Tokenizer and Sentence Boundary Detector Service
From WebLichtWiki
This tutorial presents a workflow for creating a webservice for TCF processing. It shows a basic tokenizer and sentence boundaries detector service. The service processes POST requests containing TCF data with a text layer. It uses the text from the text layer to produce token and sentence annotations.
This web-service imitates the case when its processing tool object is not expensive to create and it does not consume a lot of memory. In such a case the best way is to create the tool object with each client POST request, as shown in the service implementation.
This web-service also demonstrates two ways of returning the TCF output in HTTP response: as a streaming output and as an array of bytes. Both ways have their advantages and disadvantages. In case of returning bytes array the implementation is simpler, but the whole output TCF is hold in memory at once, so in case the TCF output is big, the server might run out of memory. In case of returning streaming output the implementation is slightly more complicated, but TCF output is streamed and only a part of the output is hold in memory at a time. This makes it possible to handle TCF output of bigger size.
Contents |
Prerequisites
The tutorial assumes you have the following software installed:
- NetBeans IDE 7.2.1
- wget or curl command line tool (optional)
Importing a Maven Archetype
In NetBeans IDE, go to the list of Maven Repositories under the Services tab:
Right-click on "Maven Repositories" and select "Add Repository" option. Fill in the following information in the "Add Repository" window:
- Repository ID: clarin
- Repository Name: Clarin Repo
- Repository URL: http://catalog.clarin.eu/ds/nexus/content/repositories/Clarin/
Finish by pressing "Add"
In "Maven Repository Browser window expand the "Clarin Repo" you've just added. You'll see a list of available artifacts. Find a group named "eu.clarin.weblicht". In this group there is an artifact called "weblicht-webservice-archetype". Download this artifact by right clicking its most recent version number and selecting "Download" in the menu.

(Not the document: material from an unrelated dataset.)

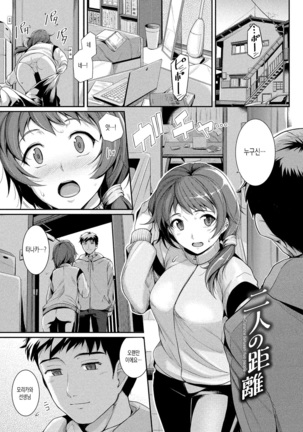 Hatsukoi Chocolate Page #96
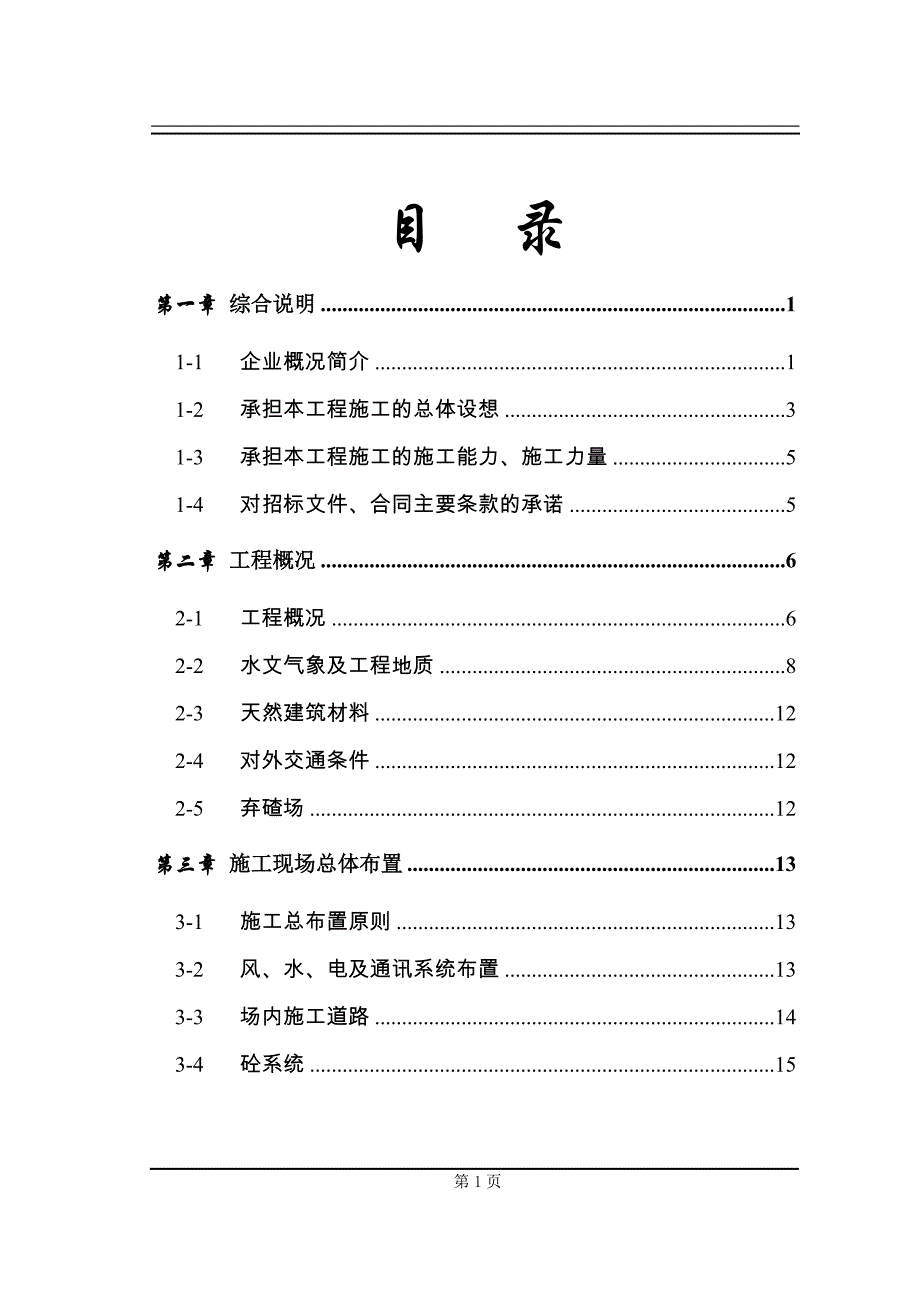 某水电站堰坝及隧洞施工组织设计方案.doc_第3页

Creating a Project from an Archetype
Once the archetype has been downloaded, we can start using it at once. Press the "New Project" button in the menu bar and select: Maven -> Project From Archetype
In the next screen expand the "Archetypes from Local Repository" branch and then select "WebLicht Webservice Archetype"
Provide a name for your project, a directory to store it in as you would normally do with any NetBeans project. In addition you have a possibility to provide a group name for your maven artifact and a package name you would like to use.
That's it! You have just created a WebLicht webservice.
Testing Webservices
The most straightforward way to test a webesrvice is to use wget command line tool:
wget --post-file=input.xml --header='Content-Type: text/tcf+xml' http://localhost:8080/myfirstwebservice/mytool
Make sure you actually have a file named "input.xml" in the current directory. This file is located under "Web Pages" in your project, just copy it to your current directory.
What's next?
Of course you would probably like to customize the provided code. Let's take a look at the files we have in the project:
- MyService.java - is the application definition, use it to define the path to your application and/or add more resources.
- MyResource.java - is the definition of a resource, in case more resources are required you can use it as a template for any further resources. (Don't forget to add them to the MyService.java)
- MyTool.java - is the place where an actual implementation of a tool resides. In this template a simple tokenizer implementation is provided.